JAKARTA - Le tribunal sud-coréen a condamné à 30 ans de prison l’ancien président Yoon Suk Yeol pour avoir ordonné une attaque avec un drone nord-coréen.

L'instruction de Yoon Suk Yeol est perçue comme augmentant les tensions transfrontalières et créant un prétexte pour imposer la loi martiale en décembre 2024.

L'ancien ministre de la Défense sud-coréen Kim Yong Hyun, jugé avec Yoon Suk Yeol, a lui aussi été condamné à 30 ans de prison.

Selon l’ANTARA, citant Kyodo, vendredi 12 juin, le tribunal de district central de Séoul a déclaré les deux coupables d’actes en faveur de l’ennemi, a rapporté l’agence de presse Kyodo.

Le juge a décidé qu'ils avaient délibérément tenté de créer une situation d'urgence nationale afin de pouvoir l'utiliser comme base pour déclarer l'état d'urgence militaire.

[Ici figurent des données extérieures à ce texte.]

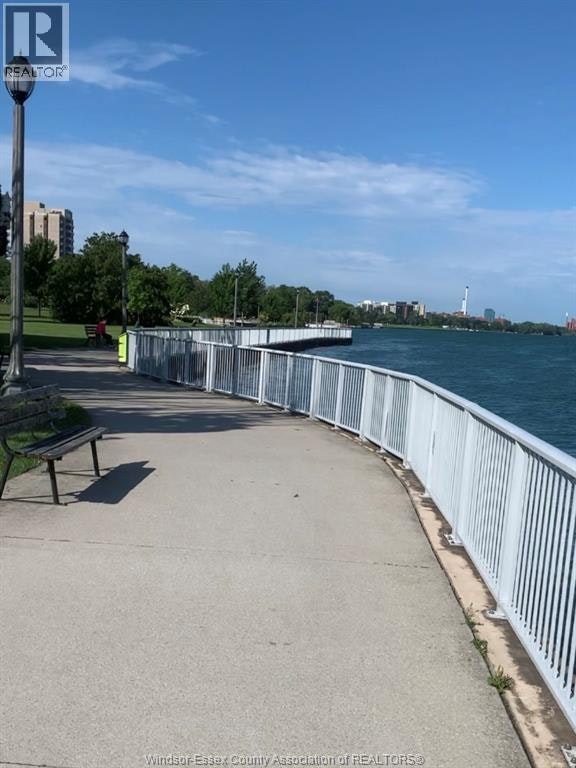201-5055 Riverside Drive, Windsor, ON, N8Y 5A6 - 40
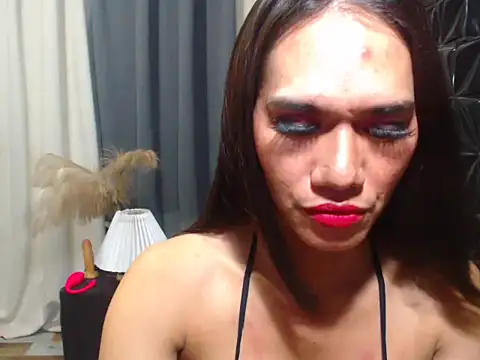 Snapshot of Queen_Haliyah chatting on May 2026 10:32:02 AM Queen Haliyah online show from May 2026 10:32:02 AM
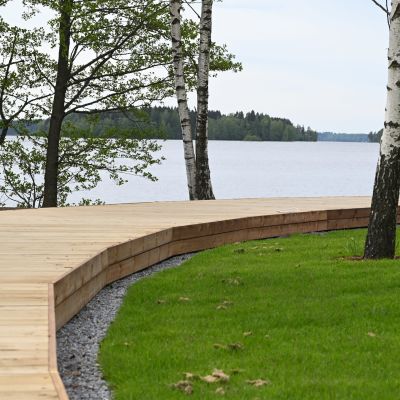 Husen på bostadsmässan 2021 ligger vid Lojo sjö med fin utsikt.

« Cela est directement contraire à l’objectif de donner aux accusés le pouvoir d’annoncer l’état d’urgence militaire dans des circonstances d’urgence. En se déguisant en une opération militaire légitime, ils exploitent les soldats pour leur propre compte, et trahissent la confiance fondamentale que les forces militaires doivent utiliser à des fins légales », a déclaré le tribunal.

Le tribunal a également déclaré que les accusés avaient trahi la confiance du public, le président et le ministre de la défense ayant utilisé la force militaire uniquement à des fins légitimes, telles que la défense nationale.

Les dommages à la confiance sont considérés comme freinant l'exécution rapide des opérations militaires à l'avenir.

Auparavant, le procureur spécial sud-coréen avait demandé une peine de 30 ans de prison pour Suk Yeol et 25 ans de prison pour Yong Hyun.

En février, Yoo Suk Yeol a été condamné à la prison à perpétuité pour avoir été le « cerveau » de la révolte par un décret d’état d’urgence militaire de courte durée. Il est actuellement en prison et doit faire face à plusieurs autres procès.